(Brief descriptive captions)
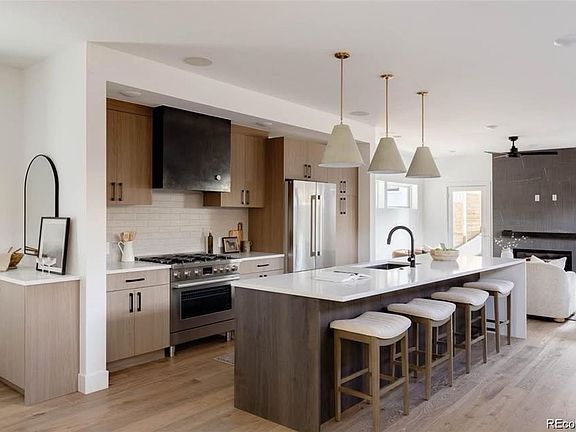 4th image of 3437 W 17th Ave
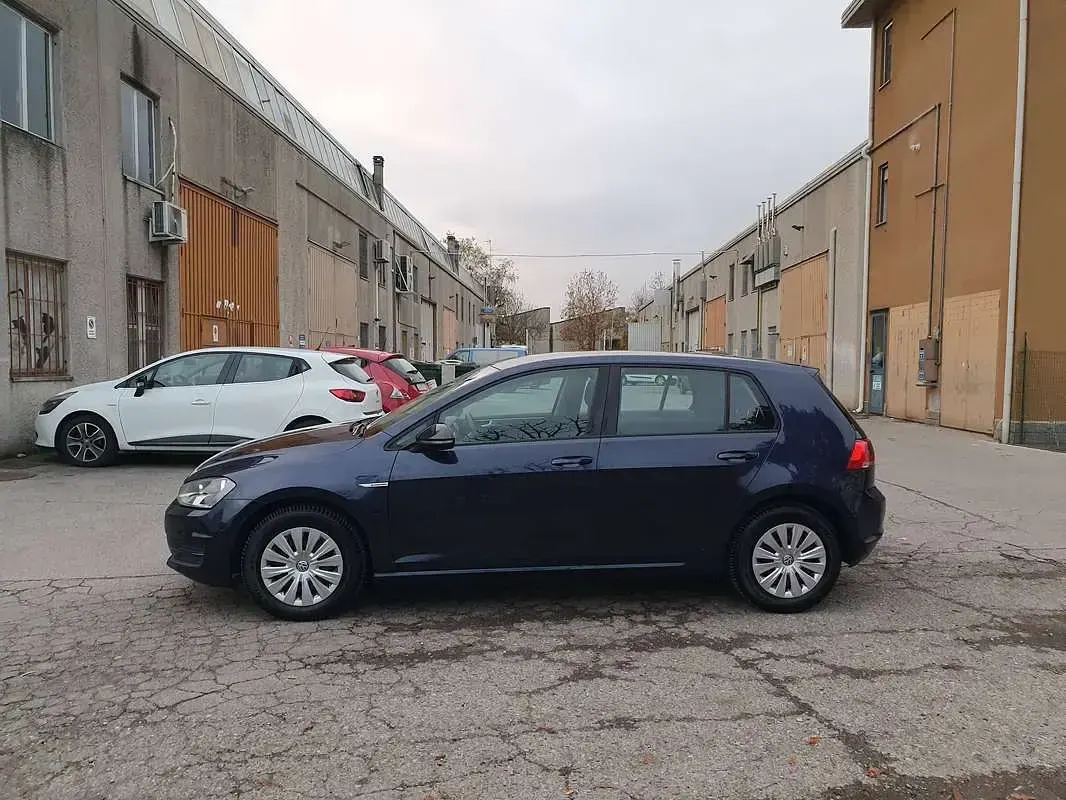 Usata VW Golf VII 110 CV (80 kW) 2016 Blu/azzurro Berlina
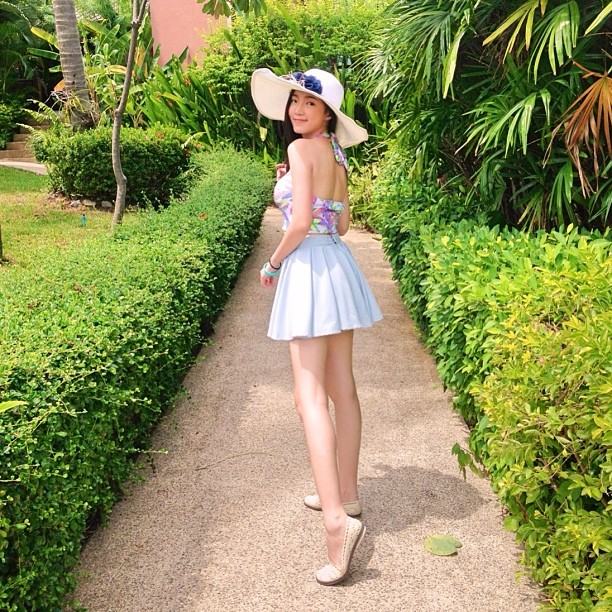 แพมแพม ดาราธิป ขาเธอสวยมาก สวยทั้งขา หุ่นและหน้าตา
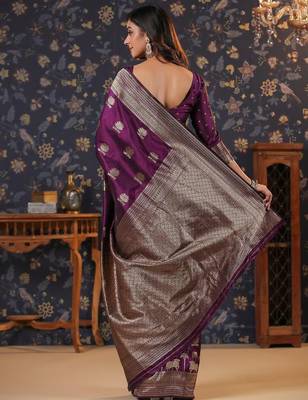 Burgundy woven design banarasi saree 3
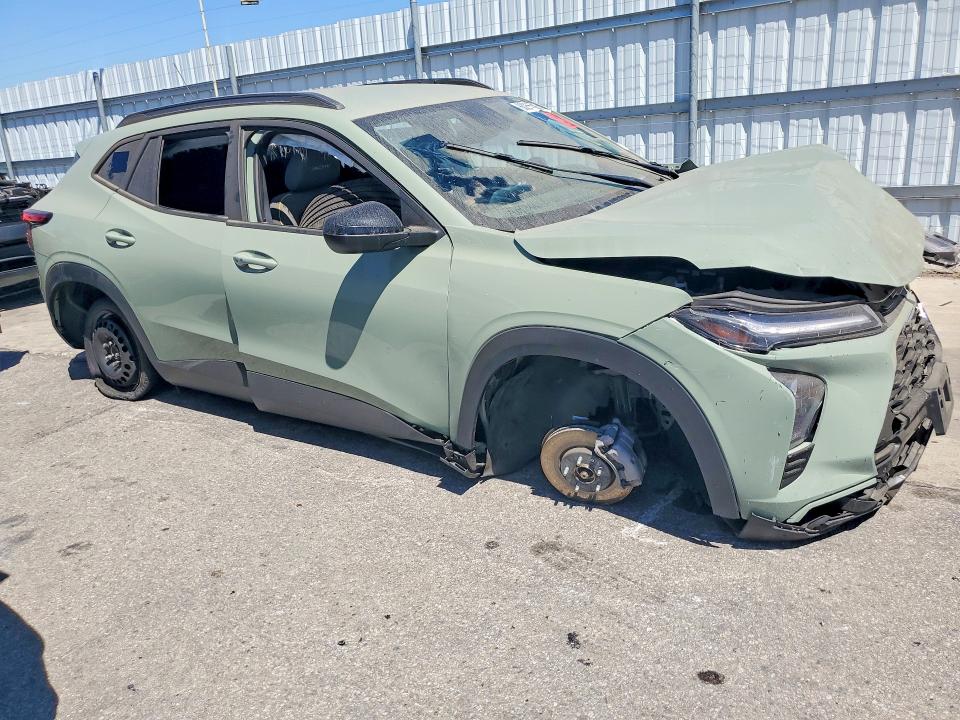 2025 Chevrolet Trax VIN KL77LKEP2SC061243 COPART salvage auction — FRONT END, Ca - Dis/Dlr/Exp Only Clean Title (P), sold $3,050 on 2026-07-27 (photo 4)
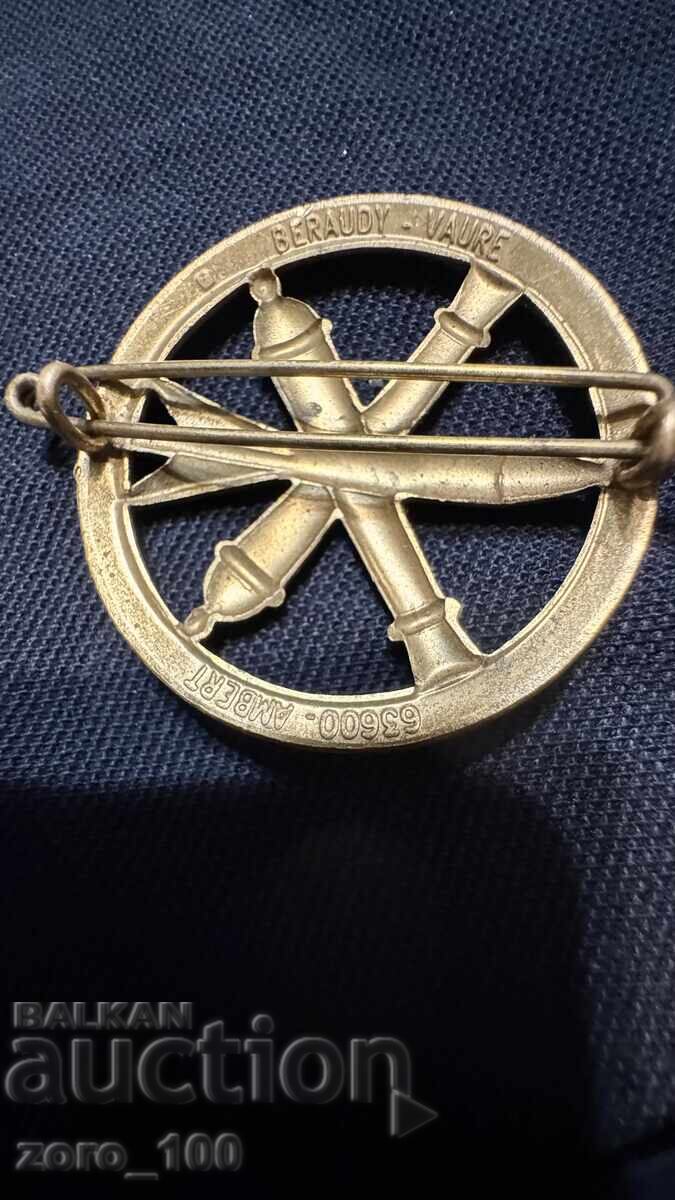 Παράδοση Γαλλικό επιχρυσωμένο στρατιωτικό σήμα Παράδοση Γαλλικό επιχρυσωμένο στρατιωτικό σήμα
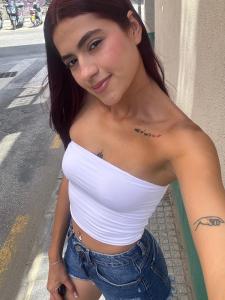 613724643: Chica busca chico en Barcelona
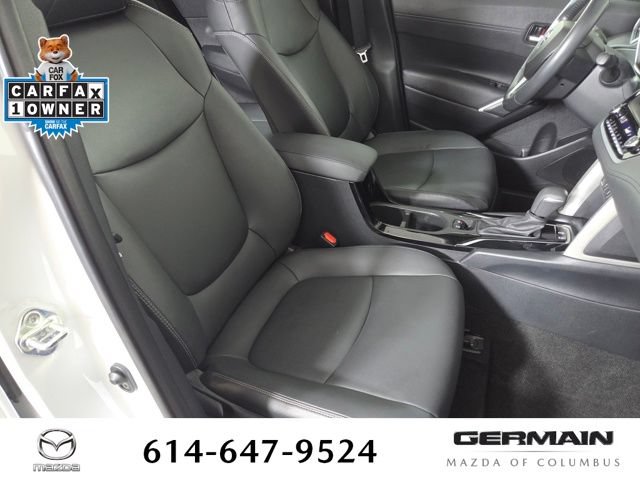 Used 2023 Toyota Corolla Cross XLE w/ Convenience Package AWD/4WD image 29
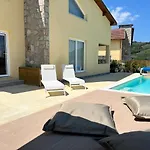Villa Geres Emblematico - Piscina & Jacuzzi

▸ Task:
Only the lines from the one with "Usata VW Golf" through the final line of the entries above are to be repeated, exactly as written and without pictures.

▸ Solution for this exercise:
 Usata VW Golf VII 110 CV (80 kW) 2016 Blu/azzurro Berlina
 แพมแพม ดาราธิป ขาเธอสวยมาก สวยทั้งขา หุ่นและหน้าตา
 Burgundy woven design banarasi saree 3
 2025 Chevrolet Trax VIN KL77LKEP2SC061243 COPART salvage auction — FRONT END, Ca - Dis/Dlr/Exp Only Clean Title (P), sold $3,050 on 2026-07-27 (photo 4)
 Παράδοση Γαλλικό επιχρυσωμένο στρατιωτικό σήμα Παράδοση Γαλλικό επιχρυσωμένο στρατιωτικό σήμα
 613724643: Chica busca chico en Barcelona
 Used 2023 Toyota Corolla Cross XLE w/ Convenience Package AWD/4WD image 29
Villa Geres Emblematico - Piscina & Jacuzzi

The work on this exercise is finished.